- [WHAT TO DO]:
In the records below, begin at the line that has "3-in-1 Portable Baby" and stop after the line that has "Ninth Five Suction"; quote those lines verbatim and nothing more.

[LISTED ENTRIES — start]

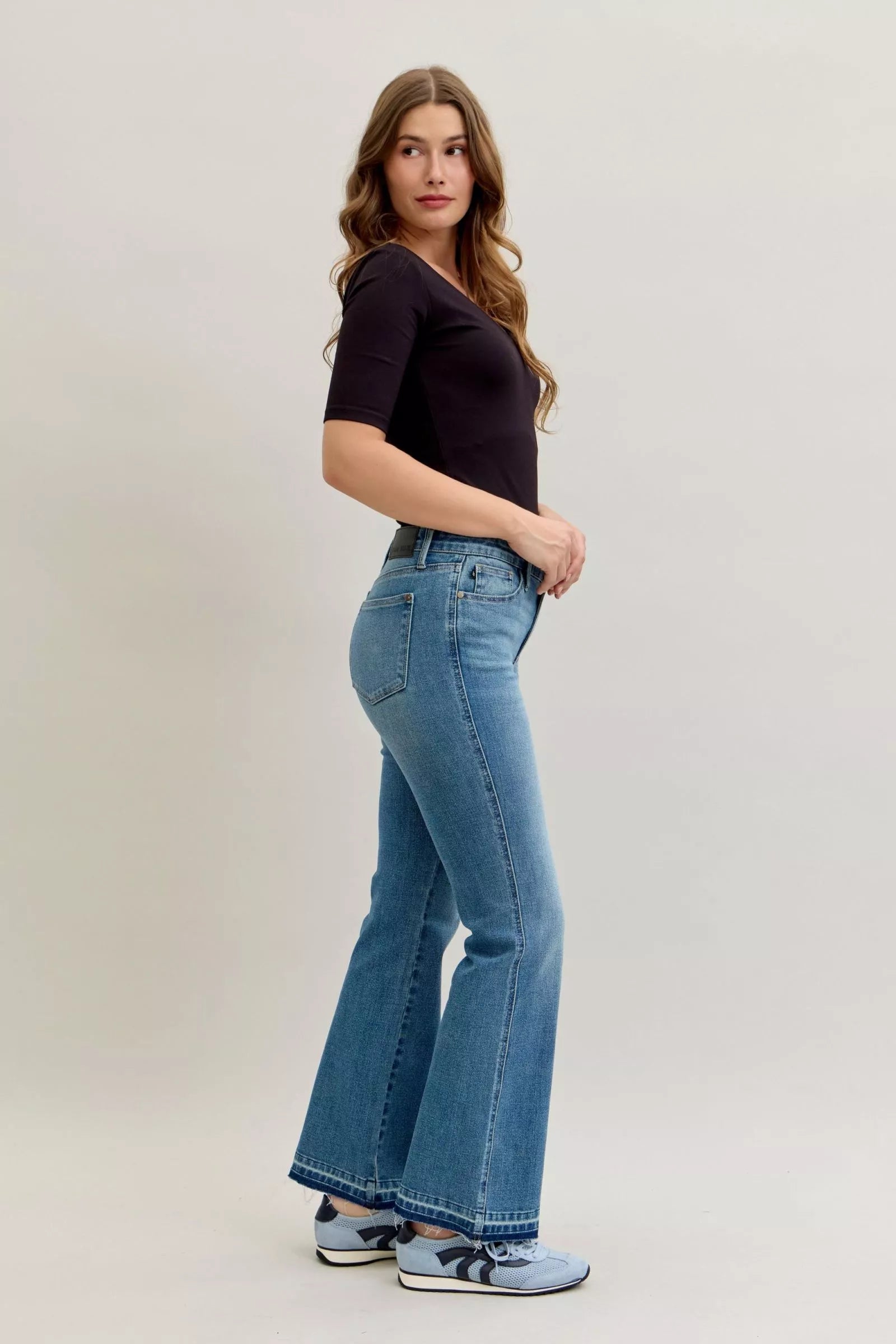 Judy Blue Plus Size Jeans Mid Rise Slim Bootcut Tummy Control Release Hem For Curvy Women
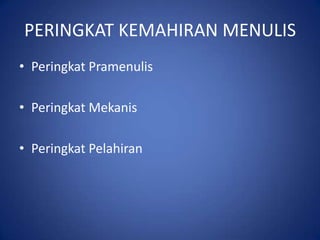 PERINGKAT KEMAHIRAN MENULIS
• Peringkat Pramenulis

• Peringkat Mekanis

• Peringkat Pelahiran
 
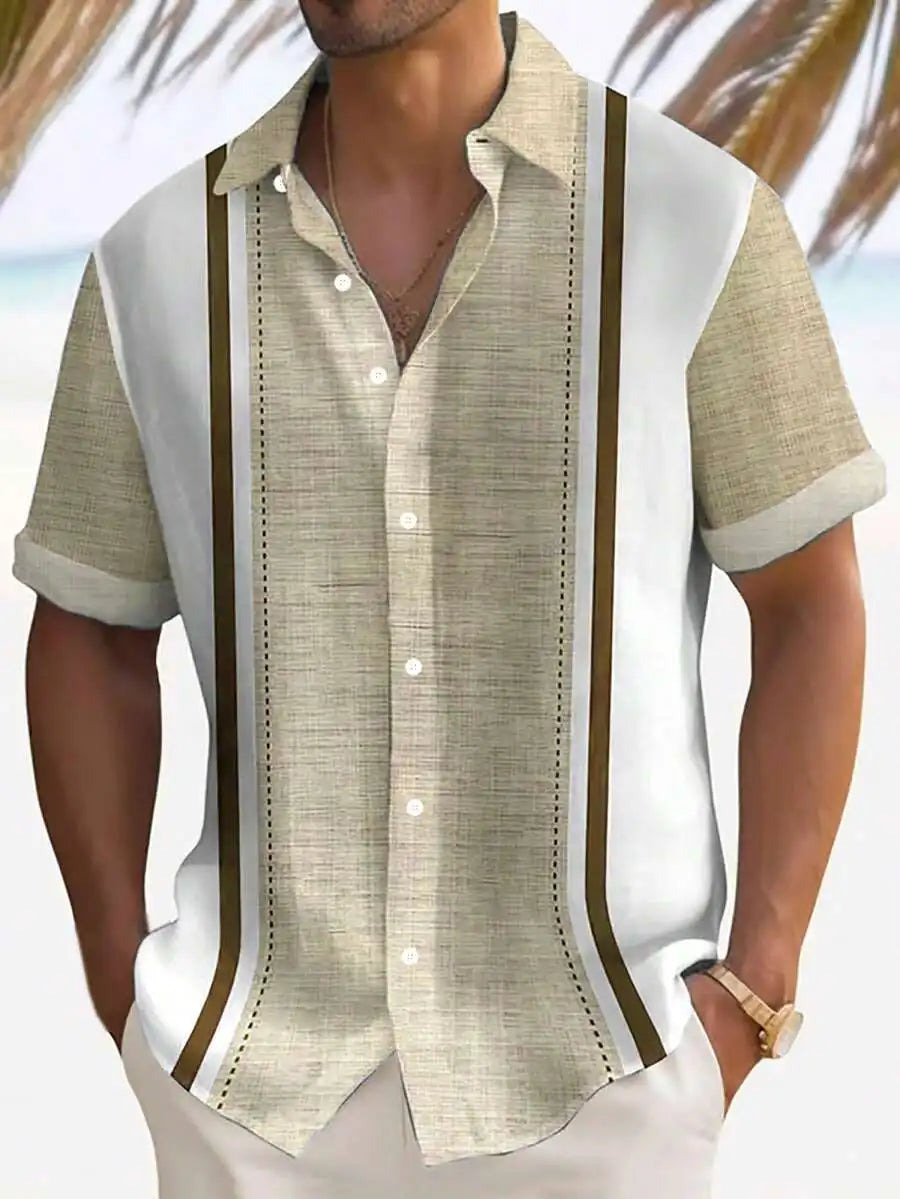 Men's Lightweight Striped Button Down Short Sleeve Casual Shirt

[LISTED ENTRIES — finish]
[LISTED ENTRIES — start]

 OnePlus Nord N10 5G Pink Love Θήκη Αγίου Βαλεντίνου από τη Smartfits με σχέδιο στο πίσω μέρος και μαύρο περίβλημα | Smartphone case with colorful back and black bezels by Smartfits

[LISTED ENTRIES — finish]
[LISTED ENTRIES — start]

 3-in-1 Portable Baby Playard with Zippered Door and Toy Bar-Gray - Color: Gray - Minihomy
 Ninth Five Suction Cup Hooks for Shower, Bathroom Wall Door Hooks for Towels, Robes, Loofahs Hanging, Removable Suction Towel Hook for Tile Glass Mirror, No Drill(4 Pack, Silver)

[LISTED ENTRIES — finish]

- [ANSWER FOR THE TASK]:
 3-in-1 Portable Baby Playard with Zippered Door and Toy Bar-Gray - Color: Gray - Minihomy
 Ninth Five Suction Cup Hooks for Shower, Bathroom Wall Door Hooks for Towels, Robes, Loofahs Hanging, Removable Suction Towel Hook for Tile Glass Mirror, No Drill(4 Pack, Silver)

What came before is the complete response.